Dans les montagnes, les Hohokam trouvaient de bonnes roches pour fabriquer des outils en pierre. Ils fabriquaient des outils en frappant la pierre contre la pierre jusqu’à ce que des flocons à arêtes vives soient libérés. Ensuite, ils façonnaient les flocons en couteaux, grattoirs et pointes de flèches, laissant derrière eux les fragments de roche indésirables.
Les potiers ont trouvé des nodules d’hématite dans les collines. En écrasant et en broyant les nodules en poudre, puis en mélangeant cette poudre avec de l’argile, ils ont créé de l’ocre rouge, qu’ils ont ensuite utilisé pour peindre leurs pots. D’autres artisans trouvaient des morceaux d’argilite (une roche semblable à l’argile) ou de jaspe rouge qu’ils sculptaient pour en faire des bijoux et autres bibelots.
Les Hohokam utilisaient également les montagnes à des fins que nous ne comprenons pas. Nous ne connaissons pas la signification des sites de pétroglyphes où les gens ont picoré des dessins vivants de serpents, de lézards, de mouflons d’Amérique et d’humains sur des rochers de couleur sombre. Nous ne savons pas non plus pourquoi ils laissaient des morceaux de poterie et d’autres objets sous les rochers près des sommets des collines. Des sanctuaires, peut-être ?

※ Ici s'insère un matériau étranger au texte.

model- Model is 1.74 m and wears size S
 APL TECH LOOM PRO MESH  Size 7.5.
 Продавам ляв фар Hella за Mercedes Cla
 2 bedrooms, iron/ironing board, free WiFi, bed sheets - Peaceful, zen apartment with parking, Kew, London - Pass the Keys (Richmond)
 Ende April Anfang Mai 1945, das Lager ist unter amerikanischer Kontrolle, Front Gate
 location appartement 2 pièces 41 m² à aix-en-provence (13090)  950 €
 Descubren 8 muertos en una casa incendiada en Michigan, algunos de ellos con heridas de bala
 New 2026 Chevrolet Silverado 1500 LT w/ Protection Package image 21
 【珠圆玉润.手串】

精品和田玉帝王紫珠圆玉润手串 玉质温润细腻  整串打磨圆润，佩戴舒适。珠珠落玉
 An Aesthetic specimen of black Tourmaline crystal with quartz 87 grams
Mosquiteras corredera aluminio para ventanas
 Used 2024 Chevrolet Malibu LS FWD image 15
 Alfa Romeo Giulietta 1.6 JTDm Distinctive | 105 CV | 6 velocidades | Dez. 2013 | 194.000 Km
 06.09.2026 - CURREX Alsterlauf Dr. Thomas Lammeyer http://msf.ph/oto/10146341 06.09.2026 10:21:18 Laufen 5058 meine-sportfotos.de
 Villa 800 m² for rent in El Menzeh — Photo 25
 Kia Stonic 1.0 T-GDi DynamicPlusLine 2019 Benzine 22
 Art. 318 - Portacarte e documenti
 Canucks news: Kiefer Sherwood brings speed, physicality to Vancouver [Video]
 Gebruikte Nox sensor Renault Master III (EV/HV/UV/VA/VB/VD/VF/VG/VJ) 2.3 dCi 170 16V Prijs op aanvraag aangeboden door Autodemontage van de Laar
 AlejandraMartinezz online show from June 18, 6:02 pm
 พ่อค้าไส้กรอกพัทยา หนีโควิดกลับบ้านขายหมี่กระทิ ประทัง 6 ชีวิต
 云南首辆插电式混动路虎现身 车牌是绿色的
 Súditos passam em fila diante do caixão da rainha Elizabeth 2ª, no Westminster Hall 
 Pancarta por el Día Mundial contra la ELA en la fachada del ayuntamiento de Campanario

Le modèle d’utilisation observé sur les sites des Tucson Mountains et des environs se retrouve dans toute la région Hohokam, de Phoenix à Green Valley et de Sells et Gila Bend à la rivière San Pedro. En raison de la diversité géologique et biologique du désert de Sonoran, il existe, bien sûr, des variations dans ce modèle. Dans les zones peu arrosées, comme la Papaguería à l’ouest de Tucson, les Hohokam pratiquaient la culture, mais dépendaient davantage des ressources sauvages. Dans les vallées de Salt et de Gila, où les rivières coulaient toute l’année, les Hohokam ont construit d’énormes systèmes d’irrigation et ont cultivé une grande partie de leur nourriture.
Mais les canaux qui ont rendu les Hohokam célèbres à nos yeux ont peut-être contribué à leur chute. Les canaux ont permis aux gens de se rassembler dans des villages plus grands. Au fur et à mesure que les villages s’étendaient, les gens devaient s’éloigner des rivières et des canaux pour chasser le gibier et collecter des aliments sauvages. Cela les rendait plus dépendants de leurs cultures, et ils ont commencé à souffrir de malnutrition. Le défrichage des champs, la coupe du bois près des rivières et le détournement des eaux ont probablement modifié les berges des rivières. Les événements météorologiques qui se sont produits entre le milieu et la fin des années 1300 ont peut-être fait basculer un système déjà précaire. Au moins deux grandes inondations se sont produites sur la rivière Salt, détruisant les têtes des principaux systèmes de canaux. Les canaux ne sont pas reconstruits. Les grands villages ont été abandonnés.
Au milieu ou à la fin des années 1400, la culture Hohokam avait disparu, mais le mode de vie qui a soutenu le développement initial de la culture, quelque 900 ans auparavant, est resté. Nous ne saurons probablement jamais avec certitude si les O’odhams sont les descendants des Hohokam. Nous savons en revanche que le mode de vie des O’odhams avec le désert est remarquablement similaire à ce que nous trouvons dans les archives archéologiques.